Bastian Schweinsteiger said an emotional farewell to the German national side during a 2-0 win over Finland in which the emotion from everybody in the stadium was palpable. The talismanic midfielder, greeted by deafening chants of “Fußballgott”, could not hold back tears before the game. When handed the microphone to address his adoring fans, it took a good minute or two for him to even speak audibly, so raucous was the reception.
He thanked fans for coming and for everything they had done throughout his time as a German international, before it was their turn to thank him. For the 65 minutes Schweinsteiger was on the field, every touch was greeted with applause and cheers. The fans were milking every precious second of Schweinsteiger’s final appearance in the white and black of Germany, and why not?
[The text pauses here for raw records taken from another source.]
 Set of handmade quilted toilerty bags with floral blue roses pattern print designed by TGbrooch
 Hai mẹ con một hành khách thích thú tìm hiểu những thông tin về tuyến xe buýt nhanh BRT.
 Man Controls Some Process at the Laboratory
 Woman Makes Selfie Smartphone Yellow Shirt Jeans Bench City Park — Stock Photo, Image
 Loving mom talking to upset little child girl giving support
The game itself was of relative ease for the hosts. They kept the ball well and, while Finland remained compact and resolute throughout, it was only a matter of time before the net rippled. Exhibiting a 3-5-2 formation, Germany failed to reap the rewards of a veritable onslaught from the likes of Julian Brandt, Kevin Volland and Karim Bellarabi. This was, however, put right in the second period.
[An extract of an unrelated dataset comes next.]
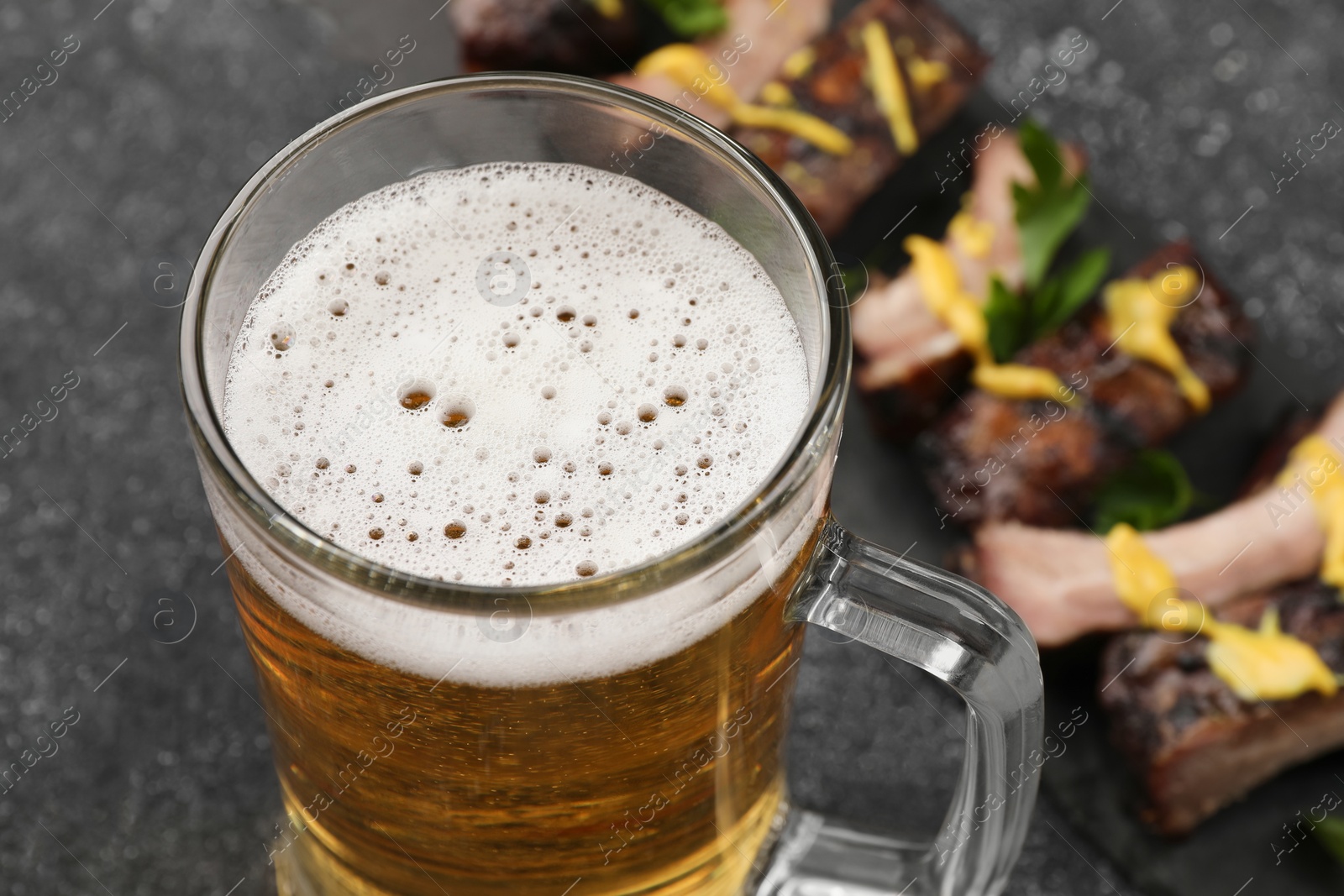 Photo of Mug with beer and delicious grilled ribs on dark grey textured table, closeup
Mario Götze was put through by an incisive pass and his cross was met by Max Meyer, who prodded home from ten yards. Then came the moment; the fourth official indicated it would be number 15, Julian Weigl, who would replace number 7, Bastian Schweinsteiger and the noise grew more ear-splitting than it had done the entire night. The midfield general saluted the fans as he strode off the field, only this time a beaming smile had usurped his tears. A warm embrace with Joachim Löw was followed by pats on the back for everyone on the German bench; his final act as an international footballer exemplifying why he will be so sorely missed off the pitch as well as on it.
Substitute Mesut Özil’s fizzing cross was deflected in via the unfortunate Paulus Arajuuri to double Germany’s lead in the 77th minute, but there was little else to report. What was more significant was the average age of the eleven who started the game: 24. A timely reminder that while the old guard have now all departed the international scene in the last two years, the likes of Meyer, Weigl, Jonathan Tah and the excellent Joshua Kimmich will be there for years to come.
And if any of the players on the field for Die Mannschaft tonight leave their own final match with even half the ovation Schweinsteiger received, Germany are in for a very prosperous decade indeed.